▸ Task brief: Print each line of the material again, keeping everything exact.

▸ Provided entries:
%%
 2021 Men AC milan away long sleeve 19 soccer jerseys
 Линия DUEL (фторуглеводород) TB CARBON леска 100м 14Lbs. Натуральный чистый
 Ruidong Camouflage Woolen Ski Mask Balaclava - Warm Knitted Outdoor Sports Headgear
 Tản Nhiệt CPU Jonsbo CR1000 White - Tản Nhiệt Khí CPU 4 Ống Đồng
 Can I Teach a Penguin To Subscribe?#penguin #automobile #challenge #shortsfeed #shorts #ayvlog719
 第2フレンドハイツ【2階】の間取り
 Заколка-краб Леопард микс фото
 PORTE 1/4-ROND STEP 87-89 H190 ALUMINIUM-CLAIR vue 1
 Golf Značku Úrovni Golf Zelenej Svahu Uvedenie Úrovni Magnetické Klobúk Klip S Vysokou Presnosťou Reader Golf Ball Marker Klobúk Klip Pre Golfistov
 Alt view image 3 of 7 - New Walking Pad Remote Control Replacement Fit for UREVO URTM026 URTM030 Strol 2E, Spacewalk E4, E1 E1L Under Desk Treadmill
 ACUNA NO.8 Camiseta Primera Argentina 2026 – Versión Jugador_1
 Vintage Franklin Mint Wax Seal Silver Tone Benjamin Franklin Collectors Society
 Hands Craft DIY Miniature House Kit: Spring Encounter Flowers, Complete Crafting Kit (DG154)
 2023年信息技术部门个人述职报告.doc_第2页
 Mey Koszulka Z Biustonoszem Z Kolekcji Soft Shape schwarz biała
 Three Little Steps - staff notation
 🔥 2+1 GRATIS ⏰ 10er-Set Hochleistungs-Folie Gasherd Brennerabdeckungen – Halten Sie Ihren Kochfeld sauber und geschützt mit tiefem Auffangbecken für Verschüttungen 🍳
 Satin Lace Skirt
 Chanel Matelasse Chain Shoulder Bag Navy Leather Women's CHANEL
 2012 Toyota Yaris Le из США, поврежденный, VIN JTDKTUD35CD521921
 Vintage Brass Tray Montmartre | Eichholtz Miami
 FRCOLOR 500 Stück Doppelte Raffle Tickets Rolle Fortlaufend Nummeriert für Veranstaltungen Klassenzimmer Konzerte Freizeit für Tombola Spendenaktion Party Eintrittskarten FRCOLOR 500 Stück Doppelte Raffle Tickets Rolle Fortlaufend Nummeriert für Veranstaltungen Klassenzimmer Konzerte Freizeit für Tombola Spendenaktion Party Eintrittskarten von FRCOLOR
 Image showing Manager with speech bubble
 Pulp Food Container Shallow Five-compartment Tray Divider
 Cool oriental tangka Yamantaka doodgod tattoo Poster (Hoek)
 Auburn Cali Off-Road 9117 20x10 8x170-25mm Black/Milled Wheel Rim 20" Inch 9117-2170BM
%%
▸ Solution to this task:
 2021 Men AC milan away long sleeve 19 soccer jerseys
 Линия DUEL (фторуглеводород) TB CARBON леска 100м 14Lbs. Натуральный чистый
 Ruidong Camouflage Woolen Ski Mask Balaclava - Warm Knitted Outdoor Sports Headgear
 Tản Nhiệt CPU Jonsbo CR1000 White - Tản Nhiệt Khí CPU 4 Ống Đồng
 Can I Teach a Penguin To Subscribe?#penguin #automobile #challenge #shortsfeed #shorts #ayvlog719
 第2フレンドハイツ【2階】の間取り
 Заколка-краб Леопард микс фото
 PORTE 1/4-ROND STEP 87-89 H190 ALUMINIUM-CLAIR vue 1
 Golf Značku Úrovni Golf Zelenej Svahu Uvedenie Úrovni Magnetické Klobúk Klip S Vysokou Presnosťou Reader Golf Ball Marker Klobúk Klip Pre Golfistov
 Alt view image 3 of 7 - New Walking Pad Remote Control Replacement Fit for UREVO URTM026 URTM030 Strol 2E, Spacewalk E4, E1 E1L Under Desk Treadmill
 ACUNA NO.8 Camiseta Primera Argentina 2026 – Versión Jugador_1
 Vintage Franklin Mint Wax Seal Silver Tone Benjamin Franklin Collectors Society
 Hands Craft DIY Miniature House Kit: Spring Encounter Flowers, Complete Crafting Kit (DG154)
 2023年信息技术部门个人述职报告.doc_第2页
 Mey Koszulka Z Biustonoszem Z Kolekcji Soft Shape schwarz biała
 Three Little Steps - staff notation
 🔥 2+1 GRATIS ⏰ 10er-Set Hochleistungs-Folie Gasherd Brennerabdeckungen – Halten Sie Ihren Kochfeld sauber und geschützt mit tiefem Auffangbecken für Verschüttungen 🍳
 Satin Lace Skirt
 Chanel Matelasse Chain Shoulder Bag Navy Leather Women's CHANEL
 2012 Toyota Yaris Le из США, поврежденный, VIN JTDKTUD35CD521921
 Vintage Brass Tray Montmartre | Eichholtz Miami
 FRCOLOR 500 Stück Doppelte Raffle Tickets Rolle Fortlaufend Nummeriert für Veranstaltungen Klassenzimmer Konzerte Freizeit für Tombola Spendenaktion Party Eintrittskarten FRCOLOR 500 Stück Doppelte Raffle Tickets Rolle Fortlaufend Nummeriert für Veranstaltungen Klassenzimmer Konzerte Freizeit für Tombola Spendenaktion Party Eintrittskarten von FRCOLOR
 Image showing Manager with speech bubble
 Pulp Food Container Shallow Five-compartment Tray Divider
 Cool oriental tangka Yamantaka doodgod tattoo Poster (Hoek)
 Auburn Cali Off-Road 9117 20x10 8x170-25mm Black/Milled Wheel Rim 20" Inch 9117-2170BM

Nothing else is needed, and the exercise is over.